Кузнецы своих несчастий
Мне очень страшно, страшно уйти и ничего не оставить после себя. Мне хочется, чтобы обо мне знали, помнили. Сейчас, когда я знаю, что совсем скоро меня здесь уже не станет, я боюсь, что даже близкие мне люди постараются побыстрее забыть меня и вместе со мной забыть этот кошмар, в котором мне приходится доживать. Наверное, у них не получится забыть меня совсем, но они засунут эти свои воспоминания далеко-далеко, и уж, конечно, не станут делиться ими с другими. Я этого боюсь. Получается, что меня и не было вовсе. Но ведь это не так. Я была. Я ходила, дышала, смеялась… В общем, я жила. Понимаете, любая вещь, исчезая, оставляет память о себе. Вспомните, у вас наверняка были такие вещи, которые вы любили, а потом их не стало, но вы все же время от времени вспоминаете о них с грустью, нежностью или с любовью. Вспомнит ли обо мне кто-нибудь с любовью?
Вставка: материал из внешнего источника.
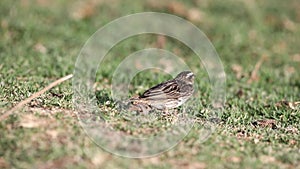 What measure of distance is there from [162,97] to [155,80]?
3.07 m

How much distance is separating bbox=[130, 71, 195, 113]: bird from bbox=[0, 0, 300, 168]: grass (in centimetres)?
56

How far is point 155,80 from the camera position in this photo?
11367 millimetres

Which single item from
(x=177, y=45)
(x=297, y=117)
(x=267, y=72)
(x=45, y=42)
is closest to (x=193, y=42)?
(x=177, y=45)

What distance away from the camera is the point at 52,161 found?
666cm

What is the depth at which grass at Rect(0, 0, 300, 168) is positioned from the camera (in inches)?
271

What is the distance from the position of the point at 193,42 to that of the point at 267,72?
2.54 meters

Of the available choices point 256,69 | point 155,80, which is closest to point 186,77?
point 155,80

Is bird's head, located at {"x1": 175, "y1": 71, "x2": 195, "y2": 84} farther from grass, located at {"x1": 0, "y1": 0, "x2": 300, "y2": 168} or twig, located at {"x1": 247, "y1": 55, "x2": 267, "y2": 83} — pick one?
twig, located at {"x1": 247, "y1": 55, "x2": 267, "y2": 83}

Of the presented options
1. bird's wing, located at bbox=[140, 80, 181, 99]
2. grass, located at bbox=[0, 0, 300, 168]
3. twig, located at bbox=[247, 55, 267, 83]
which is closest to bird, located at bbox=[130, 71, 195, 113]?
bird's wing, located at bbox=[140, 80, 181, 99]

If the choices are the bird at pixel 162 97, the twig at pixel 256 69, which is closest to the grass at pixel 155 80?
the twig at pixel 256 69

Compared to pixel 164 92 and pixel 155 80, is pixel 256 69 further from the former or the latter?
pixel 164 92

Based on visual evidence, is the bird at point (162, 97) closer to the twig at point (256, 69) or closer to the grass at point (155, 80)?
the grass at point (155, 80)

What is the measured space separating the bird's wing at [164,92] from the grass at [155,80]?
0.66 meters

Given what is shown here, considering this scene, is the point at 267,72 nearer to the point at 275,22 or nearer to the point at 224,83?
the point at 224,83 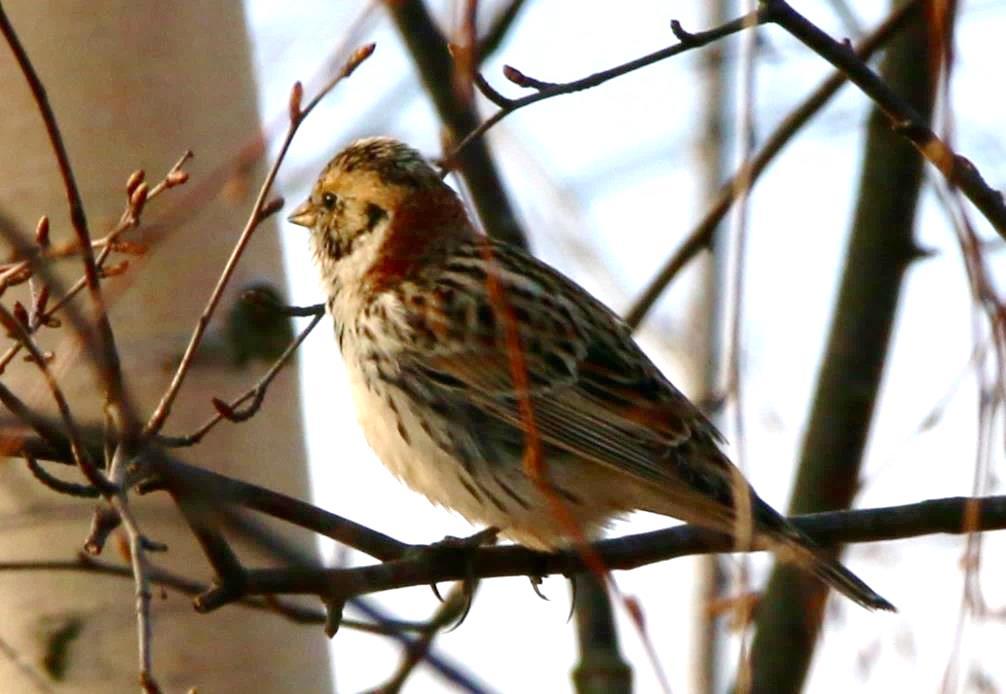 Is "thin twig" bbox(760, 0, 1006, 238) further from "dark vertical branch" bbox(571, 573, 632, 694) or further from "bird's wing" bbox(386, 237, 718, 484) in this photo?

Или вот еще, мыльный пузырь. Его жизнь продолжается всего несколько секунд, он отрывается от палочки и медленно начинает двигаться, переливаясь всеми цветами радуги, а потом, бац, он лопнул, его больше нет, но он продолжает жить в памяти ребенка, выдувшего его из мыльной пены. И возможно даже, через много лет этот ребенок, став уже взрослым, наблюдая, как его ребенок дует мыльные пузыри, вспомнит свое детство и свои мыльные пузыри. И станет ему в тот момент так легко и радостно. Вспомнит ли обо мне кто-нибудь с радостью?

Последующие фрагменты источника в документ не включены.